Maybe I'm not asking the question properly.

What I'm trying to get at is the example given a few times earlier in the thread where guys were (presumably) talking about steep, idle descents after dropping jumpers. I was curious because my (very limited) experience with steep bank angle descents (such as decompression emergency descents in the sim) would lead me to believe that some configurations can lead to a relatively low-G event.

If I understand correctly (debatable, as always), your contention appears to be that this (approx. 1 G, 60 degree bank, descending turn) is a momentary situation and would eventually resolve into an approximately 2-G loading. So, what I'm getting at is; can a jump plane descend at a relatively high bank angle and stabilize at a load substantially closer to 1 G than to 2 G's, given a relatively high descent rate and/or airspeed?

 

[TwoTwoLeft]

That definition doesn't make sense, because it's the lift that creates the load in the first place. Load factor = Lift/Weight.

A wing that its stalled still produces SOME lift.

 

[tgrayson]

So, what I'm getting at is; can a jump plane descend at a relatively high bank angle and stabilize at a load substantially closer to 1 G than to 2 G's, given a relatively high descent rate and/or airspeed?

Yes, but it would require an increasing vertical acceleration downward, which would indicate that the vertical forces weren't in equilibrium.

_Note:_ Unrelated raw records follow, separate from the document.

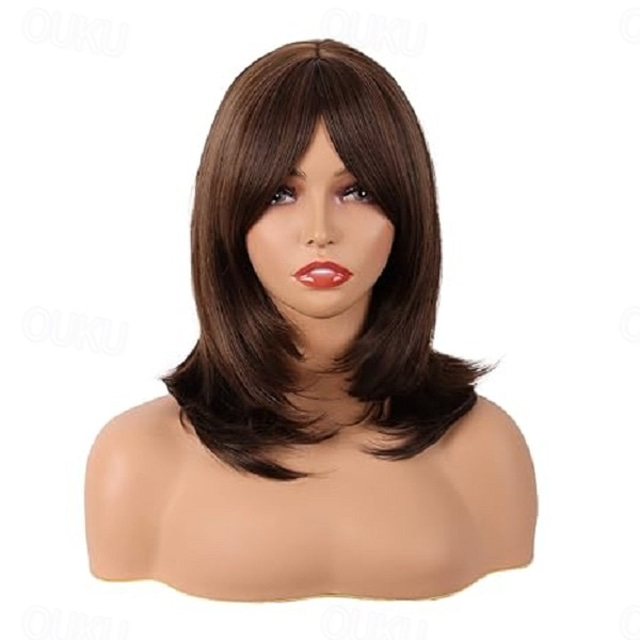  18 Inch/45 cm Layered Bangs Straight Synthetic Fiber Shoulder Length Hair Daily Use Wig Carnival Wigs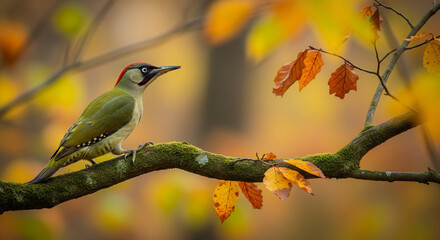 Fototapeta premium European green woodpecker on a branch in autumn.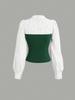 Completo 2 pezzi stile europeo da donna 2026: camicia a V con patchwork in vita e pantaloni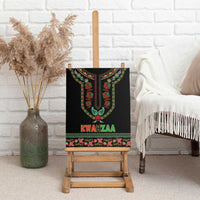 Black Kwanzaa canvas wall art with “KWANZAA” title and red-green floral bottom border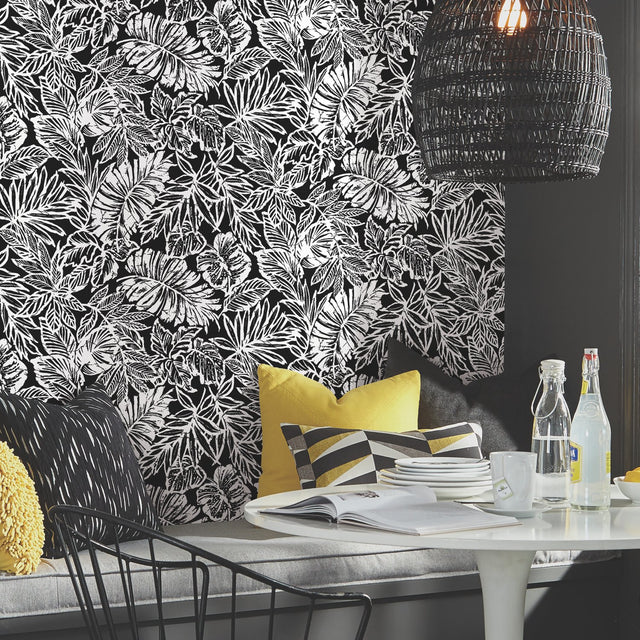 Batik Tropical Leaf Black Peel & Stick Wallpaper with Botanical Tropical Leaves Pattern - York RMK11439WP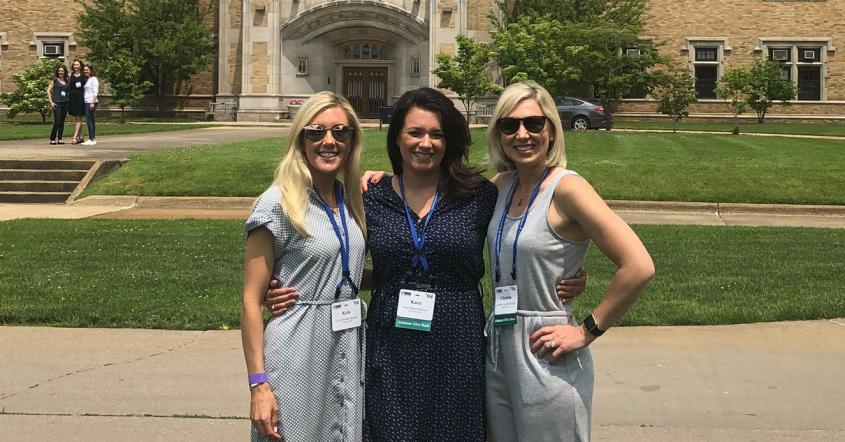 Kyla Scholten Kreiger ’04, Kara Pearce Schroer ’04 and Christin Yesnik Fairchild ’04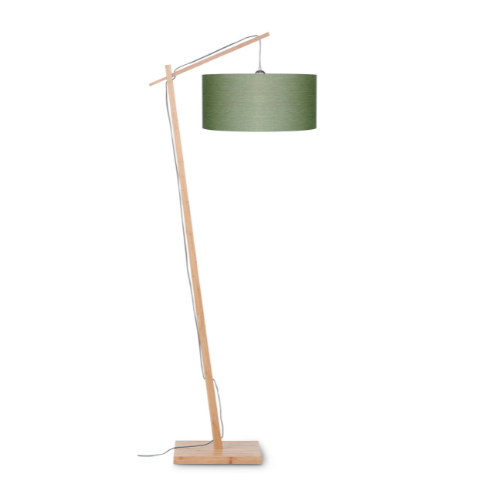 Good&Mojo Vloerlamp Andes bamboe h.176cm/kap 47x23cm eco linnen, green forest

You'd do this by rolling into a bank and continually pushing the yoke forward to neutralize any lift increase that would otherwise occur due to an airspeed increase. This is what I'd do if I needed to be on the ground in a hurry. I'm not sure I'd call this stabilized, though, but I guess that depends on the definition.

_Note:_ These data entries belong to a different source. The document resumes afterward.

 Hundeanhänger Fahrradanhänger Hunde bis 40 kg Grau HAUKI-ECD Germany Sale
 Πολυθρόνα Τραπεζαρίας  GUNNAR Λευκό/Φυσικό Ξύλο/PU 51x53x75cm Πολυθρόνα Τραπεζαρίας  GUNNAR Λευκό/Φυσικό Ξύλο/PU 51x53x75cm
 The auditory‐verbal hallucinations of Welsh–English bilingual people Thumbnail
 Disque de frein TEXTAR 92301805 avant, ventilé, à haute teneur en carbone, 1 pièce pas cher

Is that what you do in the sim?

 

[tgrayson]

A wing that its stalled still produces SOME lift.

I know it does, but it doesn't help that definition make sense. ;-)

Note that a stalled airplane descends not because it lacks lift, but because it lacks the thrust to overcome the drag of the stalled wing. With enough thrust, it would still achieve level flight, assuming lateral control could be maintained.

 

[SteveC]

Yes, but it would require an increasing vertical acceleration downward, which would indicate that the vertical forces weren't in equilibrium. You'd do this by rolling into a bank and continually pushing the yoke forward to neutralize any lift increase that would otherwise occur due to an airspeed increase. This is what I'd do if I needed to be on the ground in a hurry. I'm not sure I'd call this stabilized, though, but I guess that depends on the definition.

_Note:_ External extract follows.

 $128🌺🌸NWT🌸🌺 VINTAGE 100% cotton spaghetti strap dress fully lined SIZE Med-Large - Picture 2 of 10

Is that what you do in the sim?

That description sounds accurate to me, but there's often so much other stuff going on during those demonstrations that it can be difficult to recall all the details. I do know that I was adjusting trim as the speed built in order to keep the descent rate high ("neutralizing the lift increase" as you put it). I recall reaching a stabilized configuration with lots of drag (spoilers, sometimes gear and/or flaps depending upon the specific aircraft) and airspeed up near red-line, but I don't honestly remember if we kept all of the bank angle in or just used that to get the downhill movement started quicker, and then rolled to a lower bank angle later in the descent to stabilize at max airspeed. I'm pretty sure that we didn't experience any G-loads substantially higher than 1 until pulling out of the dive at the bottom of the descent. (As an aside, I also know that rolling into a fairly steep bank allowed us to get going downhill fairly quickly without having to unload much below 1 G either. Gotta keep the pax comfortable while they're struggling to get their masks on you know.)

As a follow-up question, is it possible that an aircraft such as a 182 would eventually stop accelerating due to the increased drag as airspeed increased? If it is, is it also possible to determine if that final stabilized speed could reasonably be within airframe limitations?